Within the Bath map area, all rocks represented as Cape Elizabeth lie conformably beneath the Spring Point Formation and are pelitic to subpelitic.
East Harpswell Group
The Yarmouth Island Formation is exposed in the core of the Hen Cove anticline. It is structurally overlain, in turn, by the Bethel Point, Sebascodegan, and Cape Elizabeth Formations. Originally, Hussey (1971b) interpreted this to be a conformable stratigraphic sequence, with the Yarmouth Island oldest and the Cape Elizabeth youngest. Recently, Robert D. Tucker (personal communication, 1995) obtained a U-Pb age of 445 ± 2 Ma on intermediate to felsic metatuffs from the upper part of the Yarmouth Island Formation, indicating it is latest Ordovician to earliest Silurian in age. The Bethel Point and Sebascodegan Formations, still interpreted to lie conformably above the Yarmouth Island Formation, are also taken to be latest Ordovician to early Silurian. This means that the entire East Harpswell Group is younger than any of the rocks of the Casco Bay Group, including the Cape Elizabeth Formation that structurally overlies it. Consequently, the contact of the East Harpswell Group with the structurally overlying Casco Bay Group is now interpreted to be a major thrust fault (the Boothbay fault; discussed in Structural Geology).
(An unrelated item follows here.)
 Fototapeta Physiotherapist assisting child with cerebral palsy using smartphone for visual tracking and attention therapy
The age of the Sebascodegan Formation now appears to be about the same as that of the Bucksport Formation. This age and the lithologic similarity of parts of the two formations suggests that they may be equivalent. The Hutchins Corner Formation of central Maine and the Berwick Formation of southern Maine and New Hampshire may also correlate. No correlatives for the Yarmouth Island or the Bethel Point Formations are known in the area.
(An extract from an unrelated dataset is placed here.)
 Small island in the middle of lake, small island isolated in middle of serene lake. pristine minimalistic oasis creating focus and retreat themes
About 20 km north of the Bath map sheet, the Bucksport Formation is intruded by the Late Silurian North Union Granite Gneiss dated at 422 ± 2 Ma (Tucker and others, 2001), indicating a Silurian or older age for the Bucksport Formation. In that same area, the Bucksport Formation is interpreted to be conformable and interstratified with the Appleton Ridge Formation (Stewart, 1998; West, 2000; Tucker and others, 2001), which has been correlated with the fossiliferous Digdeguash Formation of southern New Brunswick that contains Early Silurian graptolites (Fyffe and Riva, 2001). These relationships indicate a Silurian to perhaps Late Ordovician age for the Bucksport Formation. The Bucksport Formation correlates with the Flume Ridge Formation of eastern Maine.
Benner Hill sequence
Rocks of this sequence have been mapped in the Bath map sheet around Port Clyde (Figure 5; Guidotti, 1979) and north of the Bath map sheet into the Thomaston area (Osberg and Guidotti, 1974). This belt contains the type localities for all three formations (Berry and others, 2000). In the Thomaston 7½' quadrangle, a siliceous coquinite near the top of the Hart Neck Formation has yielded highly deformed, yet identifiable, brachiopods. Boucot (Boucot and others, 1972; Boucot, 1973) confidently interprets the fauna to be of Caradocian (Late Ordovician) age, although Neuman (1973) presents a case for possibly an older Ordovician age.
Fossils have not been found in the Megunticook sequence in the Bath map sheet. Tremadocian (Early Ordovician) graptolites, however, are present in the Calais Formation on Cookson Island in the St. Stephen area, southern New Brunswick (Ruitenberg and Ludman, 1978). The Calais Formation is correlated with the Penobscot Formation by Ludman (1987) and Berry and Osberg (1989). Tucker and others (2001) report a Late Cambrian-Early Ordovician U-Pb zircon age of 503 ± 5 Ma for a metamorphosed fragmental volcanic rock at the base of the Penobscot Formation, north of the Bath map sheet in Lincolnville. On the basis of the fossil age, the U-Pb age, and correlation, the Penobscot Formation in the Bath map sheet is assigned a Late Cambrian-Early Ordovician age.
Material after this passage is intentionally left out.